"I think you are confusing knowing that a system will perform arithmetic, with the system actually performing arithmetic. The latter does happen sometimes, despite all fallible assumptions."
I think you didn't understand my argumentation; when you say that a physical system does perform arithmetic, then your theory of arithmetic is wrong as soon as you have a contradicting result.Therefore the system is not allowed to perform arithmetic sometimes, but it is required to do it always!
Let's consider this: I find a machine I don't know anything about it. I soon find out it has two input dials and what looks like an output register.
By experimenting with the inputs and noting the outputs I found out that the inputs are presumably decimal numbers and the output looks like the arithmetic sum of these numbers.
I say: 'Oh, looks like it adds two numbers.'; now I'm using this machine many many times, until one day where the result isn't the arithmetic sum (let's assume there is no overflow).
'Bugger, seems this machine is broken...'
Now, the 1M $ question: 'At which point did the machine got broken?'. Did it get broken exactly at the point when it printed the wrong result? But what if the inner workings had the defect way before? And it only prints 'wrong' results for specific inputs?
You clearly don't want to question your theory of arithmetic (because your theory doesn't have any contradictions). But let's assume that the creator of this machine didn't want it to perform addition, but he wanted it to calculate the Foobar-value of two 'numbers'. The Foobar-value looks like addition for a majority of values, but for some combinations it's something completely different.
Of course you can examine the inner workings of the machine; but if you don't know the intentions of the engineer, you perhaps find the special part that is responsible for the 'wrong' results. You can 'fix' the machine by replacing that part (assuming it's an engineering mistake), or you assume it doesn't calculate the sum of two numbers and try to find out what this Foobar-value might be for.
But we can avoid this problem by knowing that theoretical devices work on different domains than physical devices. And this is, what technology/engineering is all about: Find a mapping between both, that is reasonable under real-world constraints.

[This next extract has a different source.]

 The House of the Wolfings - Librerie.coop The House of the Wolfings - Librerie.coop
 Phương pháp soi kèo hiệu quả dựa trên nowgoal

"So reductionism is wrong - a thing can be more than the sum of it's parts (since "thing" includes action)."
The problem with this statement is that you don't define what you mean by sum. I for one cannot imagine what the term 'fingers + palm + thumb' is supposed to mean. Apparently by sum you don't mean arithmetic sum, but something different.
Perhaps by 'sum' you mean something like 'put those ingredients into a beaker, shake it a little and then see what you get'.
And of course, if you defined 'sum', you'll need to define 'more' (and 'less') in this context. Perhaps you'll see that it's about the language and how we use it. We overload many words to mean different things and too often we use the special meaning of a word in a context where it doesn't belong.
"To be clear then, your objection is that any physical device that seems to add is doing something different from a "theoretical" device that doesn't actually get built."
As long as the domain on which they act is different, they are doing different things. If your theoretical device includes the whole universe as the domain on which it acts, then you generally cannot prove that they are doing different things (Halting problem).
But I do not say that you cannot create an AI that seems to act like a human, and I am not saying that it wouldn't be thinking like a human or that it wouldn't be conscious.
"Lukas, I don't understand your objection at all. How does disrupting the physical adding machine mid-process prove that it isn't doing addition? One can also disrupt electronic computers mid-process..."
I didn't say it doesn't do addition; I said that it doesn't do the same addition that the 'theoretical' adder is doing. That's what Elizier called 'artificial addition'.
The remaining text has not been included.